Short descriptive text snippets
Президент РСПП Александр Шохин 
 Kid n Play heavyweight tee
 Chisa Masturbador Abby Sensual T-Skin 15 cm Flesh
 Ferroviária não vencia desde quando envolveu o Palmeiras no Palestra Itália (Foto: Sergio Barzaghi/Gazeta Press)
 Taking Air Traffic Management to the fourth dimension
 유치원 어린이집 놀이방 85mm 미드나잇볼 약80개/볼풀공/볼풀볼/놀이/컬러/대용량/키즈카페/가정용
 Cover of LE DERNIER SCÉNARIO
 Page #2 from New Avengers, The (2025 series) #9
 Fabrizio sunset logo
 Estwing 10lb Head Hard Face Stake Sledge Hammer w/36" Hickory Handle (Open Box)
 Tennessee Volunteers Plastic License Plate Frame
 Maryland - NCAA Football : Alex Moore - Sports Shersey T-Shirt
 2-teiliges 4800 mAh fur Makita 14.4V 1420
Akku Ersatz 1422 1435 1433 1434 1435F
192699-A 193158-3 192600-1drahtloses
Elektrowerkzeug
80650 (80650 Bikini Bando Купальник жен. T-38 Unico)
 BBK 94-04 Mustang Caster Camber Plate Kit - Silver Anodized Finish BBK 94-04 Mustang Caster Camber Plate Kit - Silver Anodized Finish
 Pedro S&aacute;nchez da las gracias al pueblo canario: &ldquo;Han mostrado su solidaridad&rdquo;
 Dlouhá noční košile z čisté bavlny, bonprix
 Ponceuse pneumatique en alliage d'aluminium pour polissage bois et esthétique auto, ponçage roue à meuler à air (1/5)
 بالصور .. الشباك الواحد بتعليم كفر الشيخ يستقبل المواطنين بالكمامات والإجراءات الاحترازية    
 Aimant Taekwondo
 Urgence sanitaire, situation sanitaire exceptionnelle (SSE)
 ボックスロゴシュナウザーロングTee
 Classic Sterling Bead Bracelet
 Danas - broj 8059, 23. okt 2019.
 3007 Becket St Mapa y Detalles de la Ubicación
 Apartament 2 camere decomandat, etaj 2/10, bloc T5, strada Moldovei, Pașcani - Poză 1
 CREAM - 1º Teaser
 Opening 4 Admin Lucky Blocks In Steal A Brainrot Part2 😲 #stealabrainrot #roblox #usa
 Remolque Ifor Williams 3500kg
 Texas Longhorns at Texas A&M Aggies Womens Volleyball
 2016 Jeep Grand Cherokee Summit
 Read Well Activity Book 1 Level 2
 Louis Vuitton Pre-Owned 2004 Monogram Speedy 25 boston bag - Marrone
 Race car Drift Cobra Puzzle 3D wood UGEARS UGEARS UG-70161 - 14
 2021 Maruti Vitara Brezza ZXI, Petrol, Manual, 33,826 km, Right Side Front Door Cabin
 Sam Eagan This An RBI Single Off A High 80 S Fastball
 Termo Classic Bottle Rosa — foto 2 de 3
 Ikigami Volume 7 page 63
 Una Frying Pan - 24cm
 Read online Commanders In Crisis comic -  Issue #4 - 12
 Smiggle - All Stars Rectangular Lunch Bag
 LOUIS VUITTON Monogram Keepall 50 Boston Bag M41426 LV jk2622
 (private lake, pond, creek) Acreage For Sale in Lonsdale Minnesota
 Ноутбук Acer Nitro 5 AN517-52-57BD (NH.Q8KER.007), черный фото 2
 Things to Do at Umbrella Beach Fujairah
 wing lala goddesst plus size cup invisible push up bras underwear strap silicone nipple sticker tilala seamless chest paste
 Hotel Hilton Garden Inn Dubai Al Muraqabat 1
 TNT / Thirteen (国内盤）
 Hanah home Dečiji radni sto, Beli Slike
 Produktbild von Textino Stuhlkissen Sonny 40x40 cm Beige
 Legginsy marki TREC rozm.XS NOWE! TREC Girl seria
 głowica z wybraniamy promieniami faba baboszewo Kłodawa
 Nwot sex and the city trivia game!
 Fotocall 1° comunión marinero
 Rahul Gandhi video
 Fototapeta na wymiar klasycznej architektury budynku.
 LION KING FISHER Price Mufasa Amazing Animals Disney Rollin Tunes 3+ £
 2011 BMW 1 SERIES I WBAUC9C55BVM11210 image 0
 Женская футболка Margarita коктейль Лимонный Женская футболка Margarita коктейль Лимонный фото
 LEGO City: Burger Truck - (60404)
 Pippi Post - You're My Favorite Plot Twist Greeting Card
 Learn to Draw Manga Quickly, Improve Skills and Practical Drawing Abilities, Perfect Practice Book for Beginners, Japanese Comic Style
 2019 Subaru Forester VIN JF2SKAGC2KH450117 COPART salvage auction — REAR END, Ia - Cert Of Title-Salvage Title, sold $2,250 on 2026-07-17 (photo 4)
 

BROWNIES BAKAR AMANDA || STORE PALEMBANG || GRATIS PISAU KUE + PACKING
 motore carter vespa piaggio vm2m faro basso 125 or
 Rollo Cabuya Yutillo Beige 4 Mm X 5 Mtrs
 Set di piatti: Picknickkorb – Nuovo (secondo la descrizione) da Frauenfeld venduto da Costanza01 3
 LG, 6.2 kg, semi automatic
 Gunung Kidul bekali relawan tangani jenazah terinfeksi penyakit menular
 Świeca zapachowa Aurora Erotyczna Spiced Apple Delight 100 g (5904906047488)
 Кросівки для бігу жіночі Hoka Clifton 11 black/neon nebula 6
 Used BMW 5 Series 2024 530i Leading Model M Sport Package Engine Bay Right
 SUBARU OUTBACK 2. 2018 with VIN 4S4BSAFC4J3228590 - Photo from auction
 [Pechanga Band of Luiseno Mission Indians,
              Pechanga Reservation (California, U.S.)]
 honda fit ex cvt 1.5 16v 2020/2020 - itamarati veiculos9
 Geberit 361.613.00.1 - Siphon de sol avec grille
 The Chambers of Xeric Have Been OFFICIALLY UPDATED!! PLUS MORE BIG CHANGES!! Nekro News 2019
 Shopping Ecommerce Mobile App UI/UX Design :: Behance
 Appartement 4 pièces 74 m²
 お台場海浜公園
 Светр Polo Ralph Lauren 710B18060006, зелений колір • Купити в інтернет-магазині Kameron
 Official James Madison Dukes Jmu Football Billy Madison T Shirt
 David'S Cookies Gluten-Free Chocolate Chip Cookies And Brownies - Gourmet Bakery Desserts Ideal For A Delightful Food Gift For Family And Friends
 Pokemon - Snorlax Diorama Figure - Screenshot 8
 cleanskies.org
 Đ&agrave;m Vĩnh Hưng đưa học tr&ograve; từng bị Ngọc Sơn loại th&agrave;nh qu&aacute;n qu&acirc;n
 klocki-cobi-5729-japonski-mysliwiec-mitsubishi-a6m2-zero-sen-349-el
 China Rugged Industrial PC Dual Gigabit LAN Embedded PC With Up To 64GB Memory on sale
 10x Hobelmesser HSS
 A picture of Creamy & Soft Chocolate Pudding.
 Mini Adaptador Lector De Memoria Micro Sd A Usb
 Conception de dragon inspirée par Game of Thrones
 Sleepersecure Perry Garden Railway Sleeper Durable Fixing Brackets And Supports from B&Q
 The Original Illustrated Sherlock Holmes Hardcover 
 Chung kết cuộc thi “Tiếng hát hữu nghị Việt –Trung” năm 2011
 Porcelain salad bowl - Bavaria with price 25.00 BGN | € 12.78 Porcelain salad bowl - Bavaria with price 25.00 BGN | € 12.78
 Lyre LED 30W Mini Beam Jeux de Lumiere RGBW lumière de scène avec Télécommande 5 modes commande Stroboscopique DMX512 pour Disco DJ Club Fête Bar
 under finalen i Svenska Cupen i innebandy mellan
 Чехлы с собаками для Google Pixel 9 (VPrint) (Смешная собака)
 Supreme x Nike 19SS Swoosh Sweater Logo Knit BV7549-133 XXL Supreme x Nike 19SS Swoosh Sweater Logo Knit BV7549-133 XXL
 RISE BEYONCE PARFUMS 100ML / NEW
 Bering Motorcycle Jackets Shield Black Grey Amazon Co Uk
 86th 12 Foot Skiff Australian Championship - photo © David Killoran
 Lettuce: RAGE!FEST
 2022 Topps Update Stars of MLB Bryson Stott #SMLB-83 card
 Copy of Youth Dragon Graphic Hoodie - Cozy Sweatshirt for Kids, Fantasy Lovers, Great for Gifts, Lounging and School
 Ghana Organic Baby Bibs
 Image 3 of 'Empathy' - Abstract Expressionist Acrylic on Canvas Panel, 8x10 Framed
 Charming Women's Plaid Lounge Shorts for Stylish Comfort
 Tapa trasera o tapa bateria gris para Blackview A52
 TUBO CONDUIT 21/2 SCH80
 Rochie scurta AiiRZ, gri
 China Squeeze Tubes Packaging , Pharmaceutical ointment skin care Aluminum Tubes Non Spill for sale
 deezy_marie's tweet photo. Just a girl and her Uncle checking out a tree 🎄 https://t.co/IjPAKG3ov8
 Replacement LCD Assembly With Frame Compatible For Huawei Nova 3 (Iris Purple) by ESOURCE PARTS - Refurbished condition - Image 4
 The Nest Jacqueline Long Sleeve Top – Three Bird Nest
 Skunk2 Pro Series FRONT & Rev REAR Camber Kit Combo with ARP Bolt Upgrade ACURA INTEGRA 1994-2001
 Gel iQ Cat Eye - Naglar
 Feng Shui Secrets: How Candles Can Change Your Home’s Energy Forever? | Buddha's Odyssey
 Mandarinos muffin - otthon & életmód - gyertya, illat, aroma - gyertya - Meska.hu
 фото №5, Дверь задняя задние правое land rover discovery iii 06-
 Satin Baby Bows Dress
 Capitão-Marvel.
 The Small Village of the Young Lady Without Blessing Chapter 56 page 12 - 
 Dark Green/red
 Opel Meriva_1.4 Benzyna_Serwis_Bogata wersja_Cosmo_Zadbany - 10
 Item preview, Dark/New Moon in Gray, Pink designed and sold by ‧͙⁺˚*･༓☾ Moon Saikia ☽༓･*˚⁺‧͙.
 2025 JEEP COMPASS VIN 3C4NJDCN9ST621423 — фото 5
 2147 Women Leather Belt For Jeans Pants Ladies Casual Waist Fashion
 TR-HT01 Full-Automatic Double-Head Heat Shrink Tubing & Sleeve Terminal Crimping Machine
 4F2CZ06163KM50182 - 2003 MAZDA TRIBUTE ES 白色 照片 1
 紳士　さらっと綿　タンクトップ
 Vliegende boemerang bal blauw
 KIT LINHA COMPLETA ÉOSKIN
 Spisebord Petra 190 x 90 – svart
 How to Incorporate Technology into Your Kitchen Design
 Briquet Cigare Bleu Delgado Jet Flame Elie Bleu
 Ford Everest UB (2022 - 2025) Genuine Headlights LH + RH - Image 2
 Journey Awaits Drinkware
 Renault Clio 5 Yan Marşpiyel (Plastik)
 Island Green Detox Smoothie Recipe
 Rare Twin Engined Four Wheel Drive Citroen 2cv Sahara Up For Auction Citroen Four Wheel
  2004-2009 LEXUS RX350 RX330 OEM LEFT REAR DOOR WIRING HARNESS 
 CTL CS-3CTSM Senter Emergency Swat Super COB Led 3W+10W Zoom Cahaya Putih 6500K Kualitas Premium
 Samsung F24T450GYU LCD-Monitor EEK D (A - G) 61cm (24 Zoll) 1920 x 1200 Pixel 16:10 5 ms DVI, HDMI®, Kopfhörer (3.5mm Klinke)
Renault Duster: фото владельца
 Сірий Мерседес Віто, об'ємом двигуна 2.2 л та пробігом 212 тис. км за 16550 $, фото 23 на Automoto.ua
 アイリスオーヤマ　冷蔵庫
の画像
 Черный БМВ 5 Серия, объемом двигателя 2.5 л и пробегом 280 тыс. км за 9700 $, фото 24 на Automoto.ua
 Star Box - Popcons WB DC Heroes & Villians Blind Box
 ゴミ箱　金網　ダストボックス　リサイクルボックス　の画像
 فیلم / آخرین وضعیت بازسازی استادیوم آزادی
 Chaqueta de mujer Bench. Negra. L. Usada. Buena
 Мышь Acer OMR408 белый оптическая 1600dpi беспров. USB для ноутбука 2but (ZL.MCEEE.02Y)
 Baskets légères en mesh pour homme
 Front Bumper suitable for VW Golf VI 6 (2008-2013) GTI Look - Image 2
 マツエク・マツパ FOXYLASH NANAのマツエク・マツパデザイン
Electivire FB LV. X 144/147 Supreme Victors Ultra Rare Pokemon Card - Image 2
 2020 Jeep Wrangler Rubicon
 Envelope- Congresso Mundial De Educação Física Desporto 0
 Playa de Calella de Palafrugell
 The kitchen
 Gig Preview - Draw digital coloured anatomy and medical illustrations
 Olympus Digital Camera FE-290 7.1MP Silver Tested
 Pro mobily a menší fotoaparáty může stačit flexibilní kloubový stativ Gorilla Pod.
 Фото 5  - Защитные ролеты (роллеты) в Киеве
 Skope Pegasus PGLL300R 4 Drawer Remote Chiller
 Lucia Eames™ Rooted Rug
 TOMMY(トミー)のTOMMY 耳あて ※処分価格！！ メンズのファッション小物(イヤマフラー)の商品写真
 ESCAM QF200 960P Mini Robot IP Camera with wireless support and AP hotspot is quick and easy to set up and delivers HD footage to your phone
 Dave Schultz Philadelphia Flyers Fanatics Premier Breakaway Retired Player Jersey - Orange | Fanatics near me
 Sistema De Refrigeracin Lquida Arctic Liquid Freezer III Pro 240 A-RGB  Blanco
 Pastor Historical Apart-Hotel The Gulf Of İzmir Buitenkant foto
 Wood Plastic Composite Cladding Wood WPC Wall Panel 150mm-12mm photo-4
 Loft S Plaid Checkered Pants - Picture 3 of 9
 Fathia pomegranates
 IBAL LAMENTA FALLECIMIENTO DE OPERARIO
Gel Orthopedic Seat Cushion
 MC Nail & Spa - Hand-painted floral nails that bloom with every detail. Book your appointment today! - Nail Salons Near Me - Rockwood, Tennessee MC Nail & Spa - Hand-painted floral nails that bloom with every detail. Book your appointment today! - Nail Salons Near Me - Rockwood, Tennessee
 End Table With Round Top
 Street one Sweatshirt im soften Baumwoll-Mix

> Assignment
Filter the records above down to the lines that hold the string "Renault".

> Output
 Renault Clio 5 Yan Marşpiyel (Plastik)
Renault Duster: фото владельца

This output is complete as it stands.